WELLOG                                         TRANSIENT EM

 

 

 

Transient EM (TEM) provides exploration companies with a valuable tool for defining conductive mineralized zones. Because resistivity (the inverse of conductivity) can be measured, the method may also be applied to location of hydrocarbon contaminant plumes.

 

In most applications, however, the method is applied to locating buried conductive masses. Examples of buried conductive masses can vary from metal contaminants below the surface, valuable metal resources including gold placer and lode deposits, buried underground storage tanks and well casings. Larger scale applications are directed toward location of massive sulfide deposits.

 

A typical TEM system uses a transmitter that transmits short electromagnetic pulses through a loop or coil. The size of the loop may vary from less than one square meter to a square kilometer depending on the application. After termination of the transmitter pulse, a receiver is employed to measure the residual, secondary transient electromagnetic field. In areas having low conductivity, and essentially no metal content or mineralization, the secondary electromagnetic field dissipates rapidly. On the other hand, areas having more conductive mass and particularly areas having high mineralization and metal content cause the secondary field to remain for a longer duration.
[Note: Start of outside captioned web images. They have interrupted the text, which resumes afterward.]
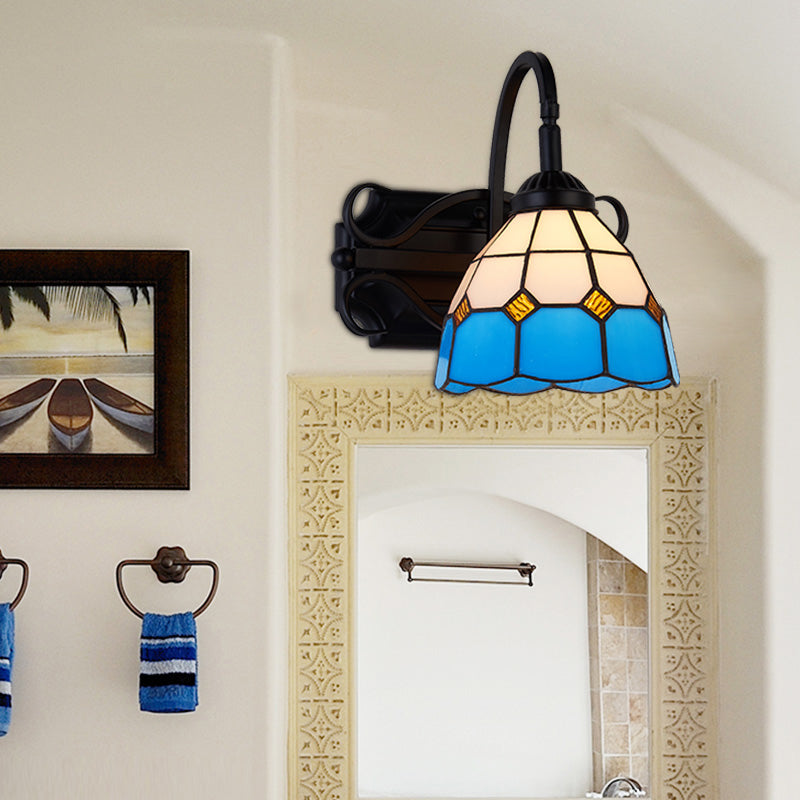 Frendorf | Tiffany Wandmontage Fixture Gevlochten Glas 1 Licht Kleurrijke Wandlamp in Beige/Blauw/Blauw-Wit/Wit voor Eetkamer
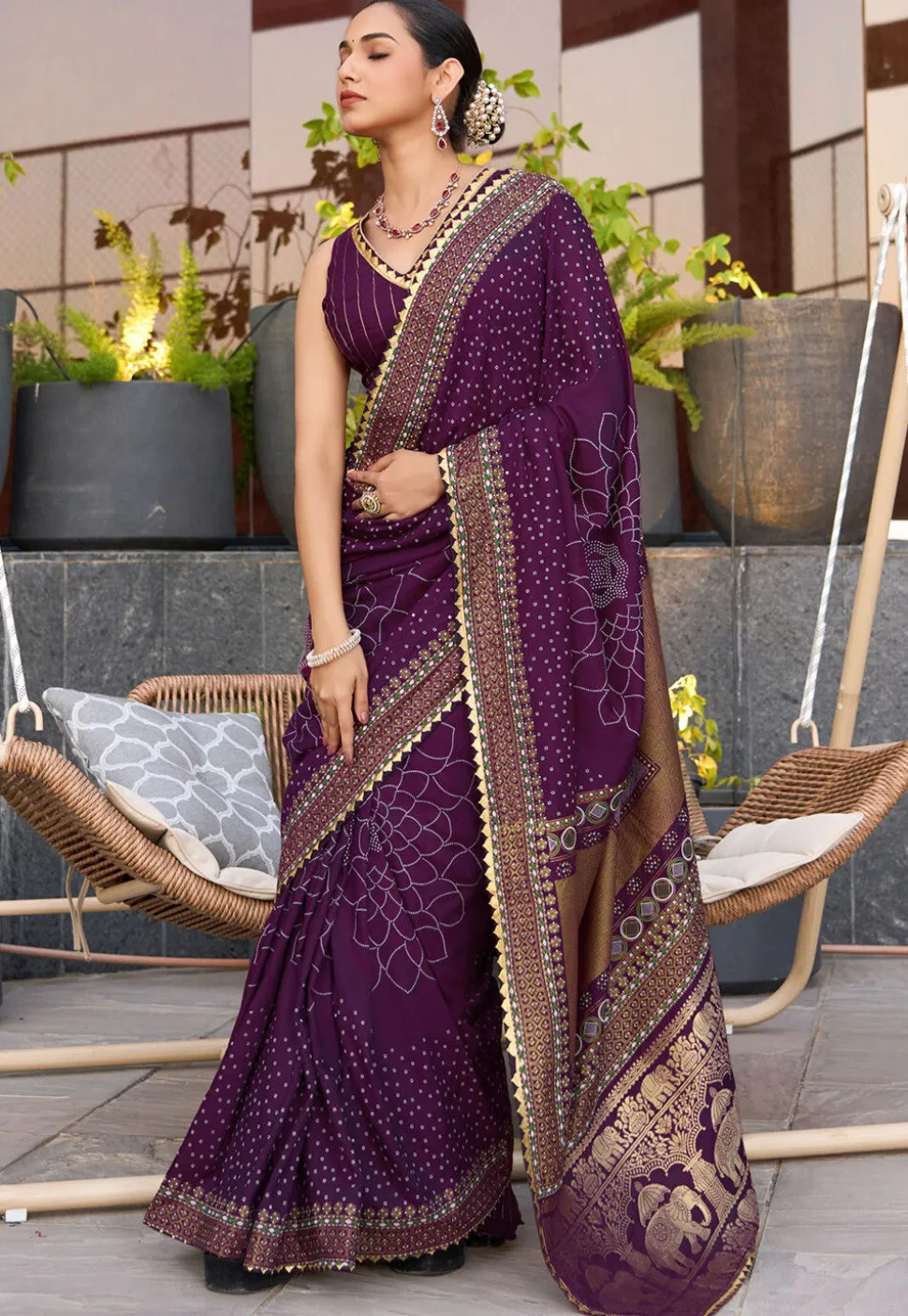 Bandhej Printed Cotton Saree in Violet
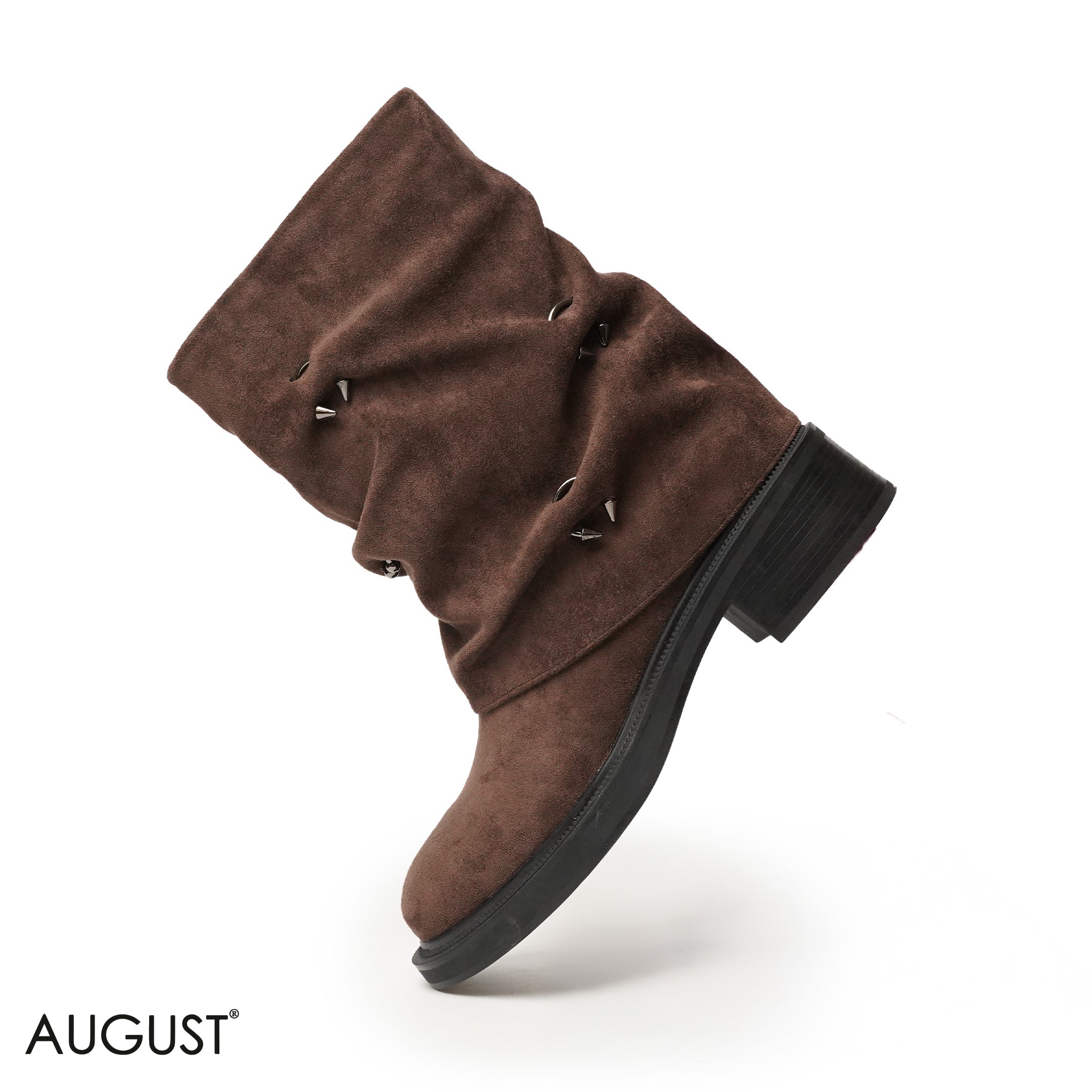 CHAMOIS LEATHER BOOTS WITH METAL HARDWARE DETAILS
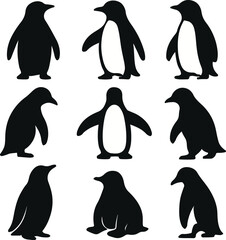 Naklejka premium penguin silhouettes collection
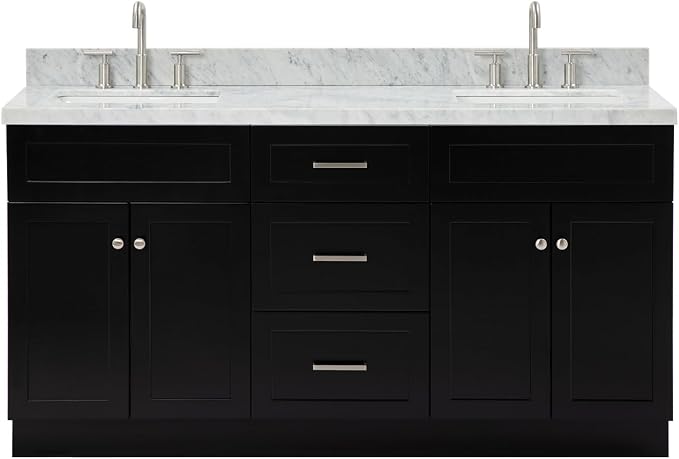 ARIEL Hamlet 67" Black Double Vanity, 1.5" Edge Italian Carrara Marble by Ariel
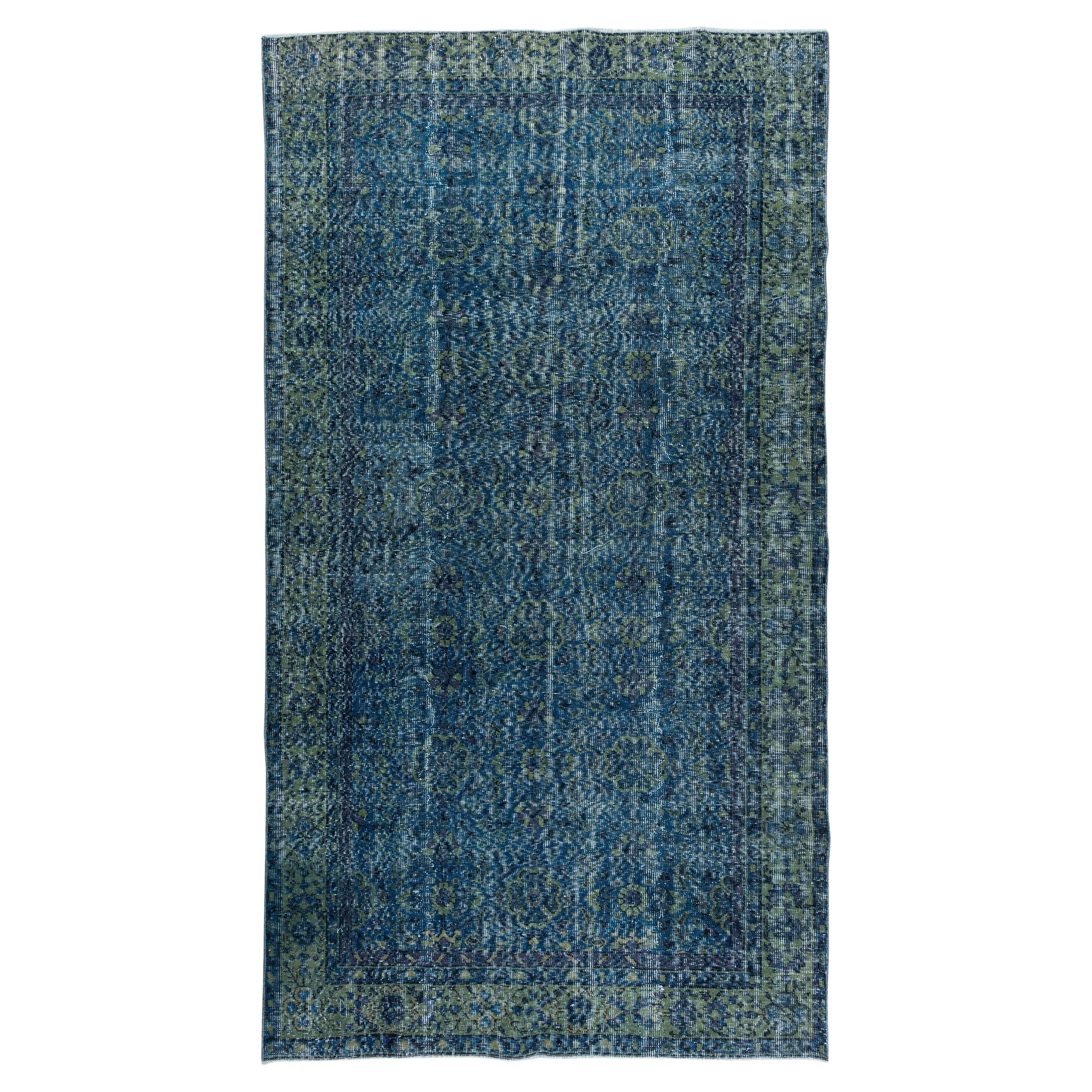 5.5x9.9 Ft Contemporary Blue Over-Dyed Rug, Handmade Vintage Turkish Wool Carpet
The secondary field is related to the conductivity of the conductors within the electromagnetic field and their geometric position i.e. horizontal, vertical or dipping conductor.

 

Modern TEM systems use receivers having three axis loop sensors.

 

A computer having a high speed digital acquisition system is used for measuring the received secondary signal. The secondary signal is measured at prescribed time intervals beginning at termination of the transmitter pulse and continuing until the secondary field no longer remains. A typical 2 millisecond secondary waveform is sampled 32 times in order to provide sufficient information relevant to the decay profile.

 

The complete receiver system uses three receiver coils. The coils are mounted perpendicular to each other with a common intersection of their axis (orthogonal). Each coil provides a signal that is amplified by a programmable low noise amplifier to an appropriate level. The amplifier output voltages are applied to the input of an analog to digital converter for acquisition and transmitted over a serial data link to a laptop pc for storage in memory.

 

TEM is used in handheld “metal detectors” for portable metal detection applications. In other applications large transmitting loops are mounted on fixed wing aircraft and helicopters.

 

WELLOG has developed TEM systems for investigation of the shallow subsurface. Our systems are designed to offer the best compromise in portability and depth of investigation. Systems range from handheld to roll along to large horizontal loop systems.